# Bow Brands



## N7709K (Dec 17, 2008)

I shoot hoyt, but I like other brands.


----------



## kegan (Aug 28, 2006)

I make my own longbows.


----------



## HoytBoyJr (Jun 29, 2009)

*I meant*

I meant compounds


----------



## kegan (Aug 28, 2006)

HoytBoyJr said:


> I meant compounds


I don't have the money for compounds

But! I saw a guy make a wooden compound once. Monsterous thing. But I guess it counts?


----------



## sawtoothscream (Apr 19, 2008)

Martin/rytera 

Owned my martin for 7 yrs and it still works amazing. Now I just bought a rytera alien x to replace it and I hope it treats m just as good as my other bow.


----------



## LilHog (Jul 27, 2008)

Darton


----------



## FITAfanatic (Jun 29, 2009)

*!*

Bowtech all the way.....
There 2009 bows are amazing.
when you shoot them, they practically just sit in your hand.
And there real quiet!


----------



## bow slayer (Apr 2, 2007)

I shoot Hoyt an Bowtech but because of affiliation reasons I must say Bowtech.


----------



## Hoyt_man (Feb 2, 2008)

I love my Hoyts for target but i have to admit mathews makes some wicked hunting bows. But Hoyt over all.


----------



## I'm Not Ted (Feb 12, 2009)

Sorry, Checkmate Raven Recurve. Soon to be. Custom. Still go another 2-4 months waiting. When I got it, it had a 8 month waiting list!  Kegan, whered you see the wood compound? Sounds sweet. Glad you don't shoot one though!


----------



## Jared Les (Jun 22, 2008)

How can you pick one when there are so many to choose from? I don't have enough time to shoot them all much less pick a favorite.


----------



## BIGBC (Jan 29, 2007)

BowtechBabe18 said:


> Bowtech all the way.....
> There 2009 bows are amazing.
> when you shoot them, they practically just sit in your hand.
> And there real quiet!


Ive tried out a few of the new Bowtechs and they are really impressive.
Im always happy shooting a Hoyt though.
That new Merlin Excalibur is a beaut too =]


----------



## x-force hunter (Apr 10, 2009)

Pse


----------



## kegan (Aug 28, 2006)

I'm Not Ted said:


> Sorry, Checkmate Raven Recurve. Soon to be. Custom. Still go another 2-4 months waiting. When I got it, it had a 8 month waiting list!  Kegan, whered you see the wood compound? Sounds sweet. Glad you don't shoot one though!

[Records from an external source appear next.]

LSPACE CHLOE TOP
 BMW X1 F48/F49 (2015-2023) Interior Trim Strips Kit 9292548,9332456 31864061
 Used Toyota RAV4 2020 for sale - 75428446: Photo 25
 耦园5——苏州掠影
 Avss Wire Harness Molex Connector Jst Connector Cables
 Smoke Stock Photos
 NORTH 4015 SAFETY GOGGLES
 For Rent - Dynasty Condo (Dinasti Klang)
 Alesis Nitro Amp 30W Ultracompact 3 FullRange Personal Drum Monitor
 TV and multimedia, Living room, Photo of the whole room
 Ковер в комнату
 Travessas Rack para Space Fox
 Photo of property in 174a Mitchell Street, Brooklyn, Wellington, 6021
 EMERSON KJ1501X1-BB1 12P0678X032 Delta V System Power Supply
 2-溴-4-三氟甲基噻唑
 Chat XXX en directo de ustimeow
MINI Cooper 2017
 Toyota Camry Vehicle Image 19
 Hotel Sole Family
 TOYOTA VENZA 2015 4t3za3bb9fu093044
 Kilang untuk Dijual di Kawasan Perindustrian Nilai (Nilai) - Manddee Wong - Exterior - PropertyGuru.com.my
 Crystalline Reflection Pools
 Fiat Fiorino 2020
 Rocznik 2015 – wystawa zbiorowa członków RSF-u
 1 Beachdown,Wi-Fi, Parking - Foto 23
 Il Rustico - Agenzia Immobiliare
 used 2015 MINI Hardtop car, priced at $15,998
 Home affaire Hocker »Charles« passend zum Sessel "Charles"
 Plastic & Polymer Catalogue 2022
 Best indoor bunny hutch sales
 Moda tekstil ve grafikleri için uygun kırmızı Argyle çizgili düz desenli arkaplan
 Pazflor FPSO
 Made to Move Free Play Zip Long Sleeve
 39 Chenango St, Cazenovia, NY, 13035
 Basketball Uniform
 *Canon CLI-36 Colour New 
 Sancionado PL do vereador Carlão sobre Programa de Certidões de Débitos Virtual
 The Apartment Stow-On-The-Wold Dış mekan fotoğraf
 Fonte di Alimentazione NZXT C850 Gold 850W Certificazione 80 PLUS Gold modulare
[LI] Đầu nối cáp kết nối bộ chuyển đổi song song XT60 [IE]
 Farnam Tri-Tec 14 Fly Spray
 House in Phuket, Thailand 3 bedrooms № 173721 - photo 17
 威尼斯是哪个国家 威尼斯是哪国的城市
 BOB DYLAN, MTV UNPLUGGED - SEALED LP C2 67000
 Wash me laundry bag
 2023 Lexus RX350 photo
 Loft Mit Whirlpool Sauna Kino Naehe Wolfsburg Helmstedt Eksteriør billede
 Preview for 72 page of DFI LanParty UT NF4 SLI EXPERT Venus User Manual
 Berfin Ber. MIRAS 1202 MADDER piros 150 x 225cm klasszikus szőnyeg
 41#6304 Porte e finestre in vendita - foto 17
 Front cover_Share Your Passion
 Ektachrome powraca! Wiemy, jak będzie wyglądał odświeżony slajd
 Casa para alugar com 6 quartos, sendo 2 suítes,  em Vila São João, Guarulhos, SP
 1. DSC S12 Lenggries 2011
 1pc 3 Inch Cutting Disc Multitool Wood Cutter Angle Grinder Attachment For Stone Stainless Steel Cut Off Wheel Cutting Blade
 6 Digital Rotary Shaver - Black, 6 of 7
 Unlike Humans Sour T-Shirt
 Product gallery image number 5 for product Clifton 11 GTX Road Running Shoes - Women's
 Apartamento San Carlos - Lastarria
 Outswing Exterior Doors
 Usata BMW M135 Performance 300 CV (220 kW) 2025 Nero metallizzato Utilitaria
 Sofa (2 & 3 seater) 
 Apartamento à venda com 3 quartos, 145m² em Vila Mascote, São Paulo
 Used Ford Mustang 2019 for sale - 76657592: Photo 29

Over on Primitivearcher.com someone was bored at work and made one from scraps. It was a monsterous thing, but pretty creative


----------



## athomPT (Dec 14, 2008)

I'm a Mathews shooter, but I love all bows. I'm addicted and that's all to it!!!


----------



## Sighting In (Feb 5, 2009)

I'm a big bowtech fan (I think I want to be a staff shooter in a year or so), but my next choice is Hoyt.


----------



## jones2899 (Dec 17, 2008)

I shoot pse, but I like any bow that I can shoot well and sends the arrow where Im aiming.


----------



## kody10 (Apr 24, 2009)

pearson for me


----------